Start of Block

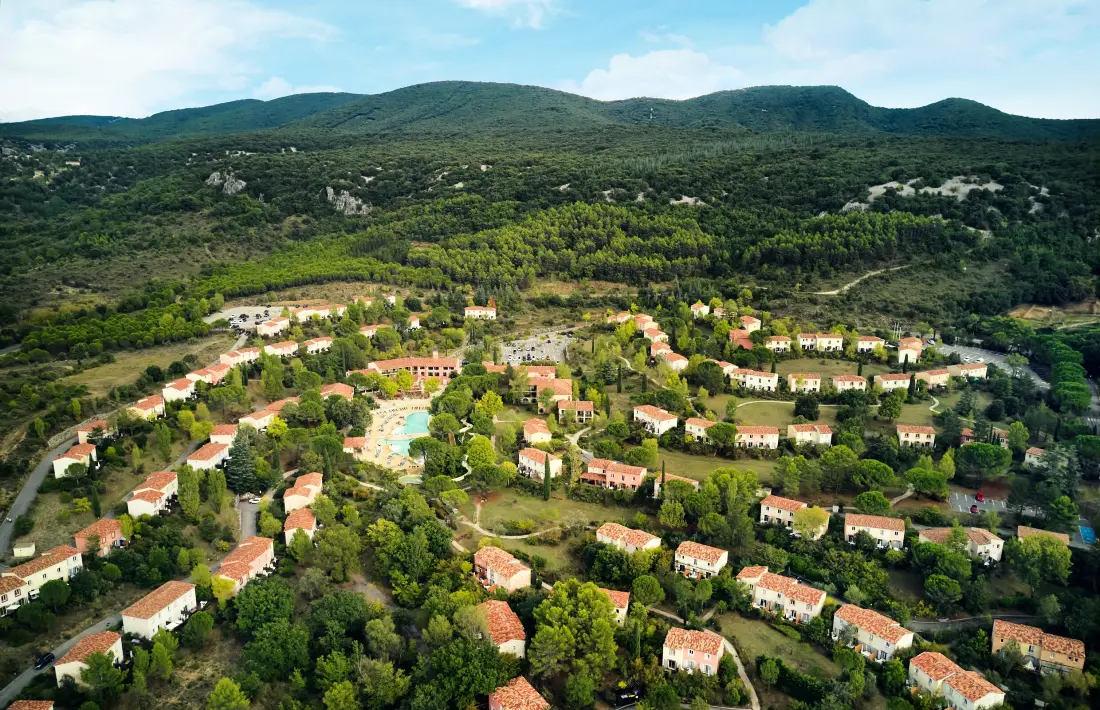 Village Pierre & Vacances Le Rouret 3 étoiles★★★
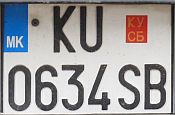 KU */0634 SB
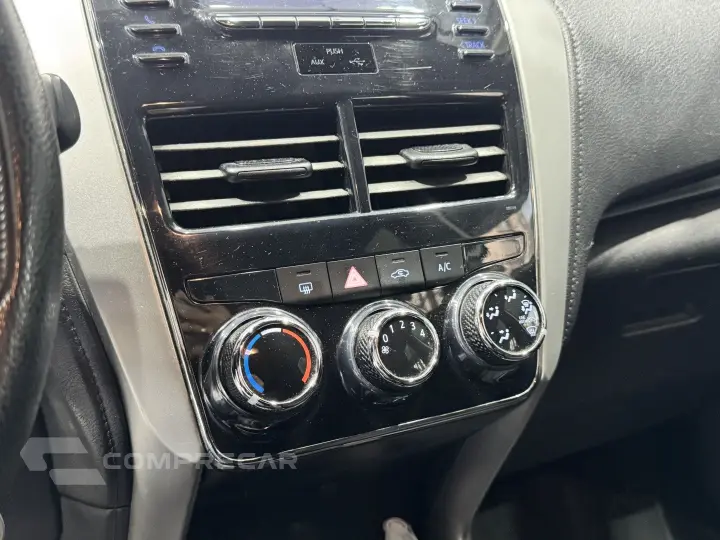 YARIS 1.3 16V FLEX XL MULTIDRIVE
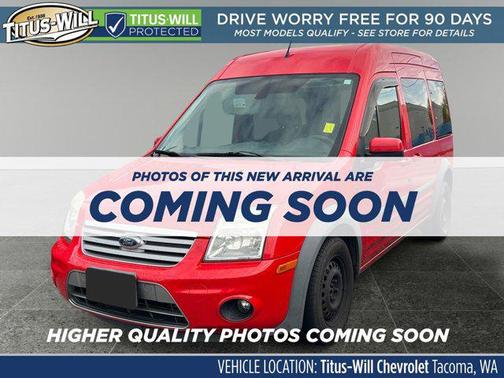 2011 Ford Transit Connect XLT Premium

End of Block

BRIEF:
Omit the pictures, then output the rest of the listing exactly.

RESPONSE TO THIS TASK:
 Village Pierre & Vacances Le Rouret 3 étoiles★★★
 KU */0634 SB
 YARIS 1.3 16V FLEX XL MULTIDRIVE
 2011 Ford Transit Connect XLT Premium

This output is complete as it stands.